Nic Sestaret
- Born: Nicolas Sestaret 26 July 1982 (age 43) Sarlat, France
- Height: 1.78 m (5 ft 10 in)
- Weight: 92 kg (14.5 st)

Rugby union career
- Position: Winger

Senior career
- Years: Team / Apps / (Points)
- 2001-2002: Stade Toulousain
- 2002-2003: Section Paloise
- 2003-2005: US Dax
- 2005-2008: Plymouth Albion
- 2008-2014: Exeter Chiefs

International career
- Years: Team / Apps / (Points)
- France U21
- –: Barbarians

= Nic Sestaret =

French rugby union player

Nicolas Sestaret (born 26 July 1982) is a former professional Rugby Union player. Sestaret played both at centre and on the wing. He finished his playing career for Exeter Chiefs in the Aviva Premiership.

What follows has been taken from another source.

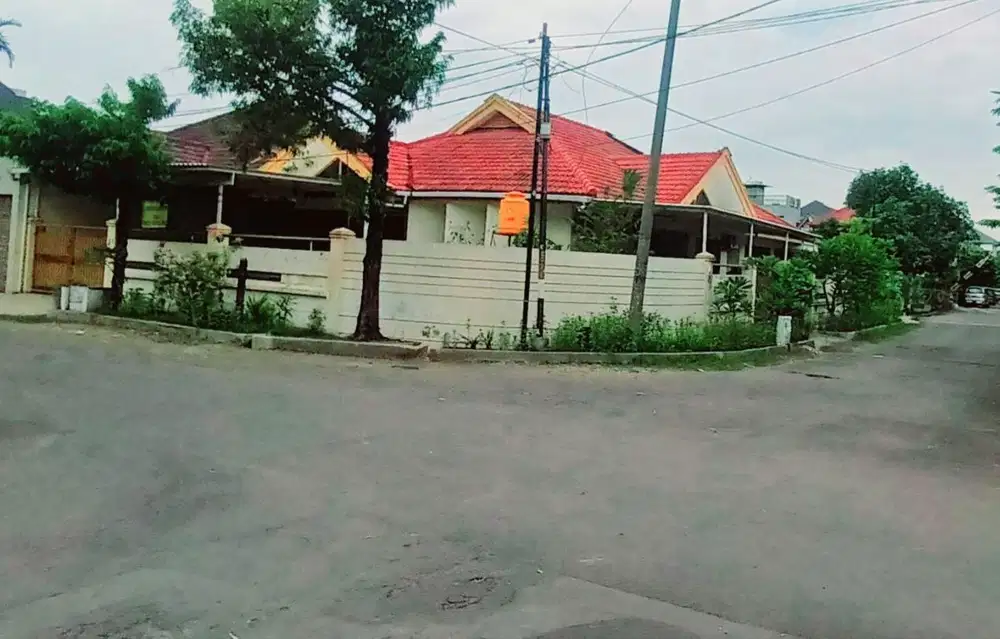 Rumah taman pondok indah wiyung, dekat gunung sari babatan royal graha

In 2014 he was appointed Head of Rugby at Taunton School.
In 2023 he was appoint Director of Sport at Westonbirt School.

== 2013 - 14 season ==

While playing for the Exeter Chiefs, Sestaret made a career highlight with the Exeter Chiefs winning the Aviva Premiership. "Obviously it is very hard to get into the Heineken Cup in the Premiership because it is so competitive so to have that from the LV= Cup is a bonus for sure," said Sestaret of the competition. Before being appointed Head of Rugby at Taunton School, he coached for Sidmouth 1st XV and worked for HSBC Premier in Exeter.

== Personal life ==

Nicolas has a degree in Marketing and Management, is a Level 2 coach and is qualified in Strength and Conditioning, specialising in speed development. Married to Deborah Sestaret.